Ne var ki; tapulu taşınmazların intikallerinde, huzur ve güveni koruma, toplum düzenini sağlama uğruna, tapu kaydında ismi geçmeyen ama asıl malik olanın hakkı feda edildiğinden iktisapta bulunan kişinin, iyi niyetli olup olmadığının tam olarak tespiti büyük önem taşımaktadır. Gerçekten bir yanda tapu sicilinin doğruluğuna inanarak iktisapta bulunduğunu ileri süren kimse diğer yanda ise kendisi için maddi, hatta bazı hallerde manevi büyük değer taşıyan ayni hakkını yitirme tehlikesi ile karşı karşıya kalan önceki malik bulunmaktadır.
Bu nedenle, yüzeysel ve şekilci bir araştırma ve yaklaşımın büyük mağduriyetlere yol açacağı, kişilerin Devlete ve adalete olan güven ve saygısını sarsacağı ve yasa koyucunun amacının ilk bakışta, şeklen iyi niyetli gözükeni değil, gerçekten iyiniyetli olan kişiyi korumak olduğu hususlarının daima göz önünde tutulması, bu yönde tüm delillerin toplanıp derinliğine irdelenmesi ve değerlendirilmesi gerekmektedir.
Nitekim bu görüşten hareketle, "kötü niyet iddiasının def"i değil itiraz olduğu, iddia ve müdafaanın genişletilmesi yasağına tabii olmaksızın her zaman ileri sürülebileceği ve mahkemece kendiliğinden (resen) nazara alınacağı” ilkeleri 08.11.1991 tarih l990/4 esas l99l/3 sayılı İçtdihadı Birleştirme Kararında kabul edilmiş, bilimsel görüşlerde aynı doğrultuda gelişmiştir.
Ne var ki, somut olayda ikinci el konumundaki dahili davalıların iyiniyeti bakımından gerekli araştırmaların yapılmadan sonuca gidildiği görülmektedir.
Hal böyle olunca, ikinci el konumundaki davalılar yönünden tarafların bildirdikleri ve bildirecekleri delillerin toplanması ve iyiniyet araştırması yapılarak varılacak sonuç çerçevesinde bir karar verilmesi gerekirken eksik inceleme ile yetinilerek yazılı olduğu üzere hüküm kurulması isabetli olmamıştır.

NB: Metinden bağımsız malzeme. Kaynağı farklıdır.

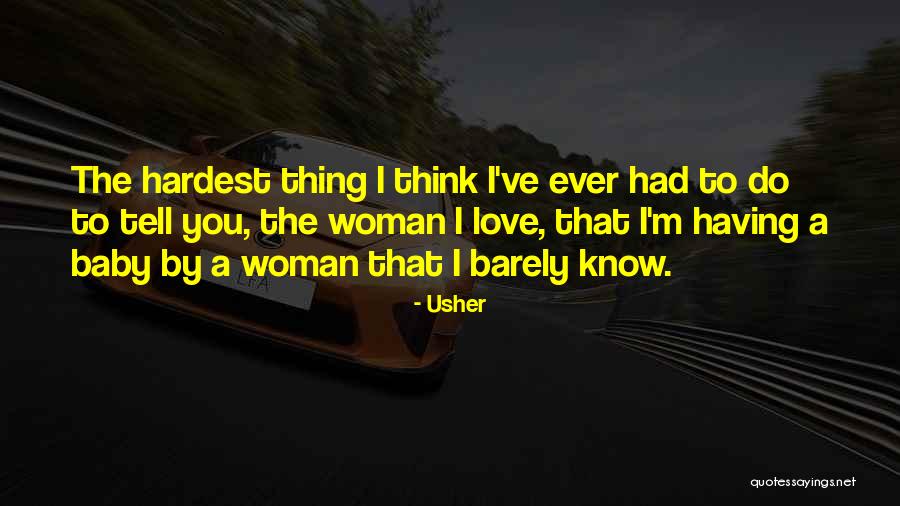 Usher Quotes 1549388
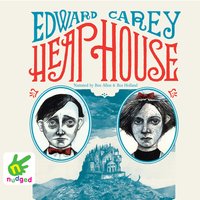 Heap House: Book One - Edward Carey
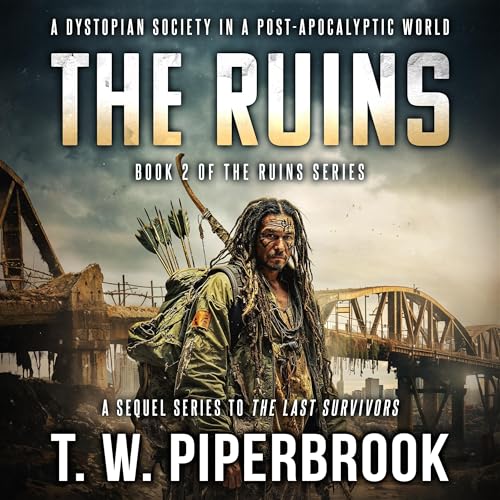 The Ruins, Book 2 Audiolivro Por T. W. Piperbrook capa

Davacıların yerinde bulunan temyiz itirazlarının kabulü ile hükmün (6100 sayılı Yasanın geçici 3.maddesi yollaması ile) 1086 sayılı HUMK"un 428.maddesi gereğince BOZULMASINA, 02.01.2019 tarihinde yürürlüğe giren Avukatlık Ücret Tarifesi gereğince gelen temyiz edenlerden davacı ... vekili için 2.037.00.-TL. duruşma vekâlet ücretinin temyiz edilenlerden alınmasına, alınan peşin harcın temyiz edene geri verilmesine, 12.02.2019 tarihinde oybirliğiyle karar verildi.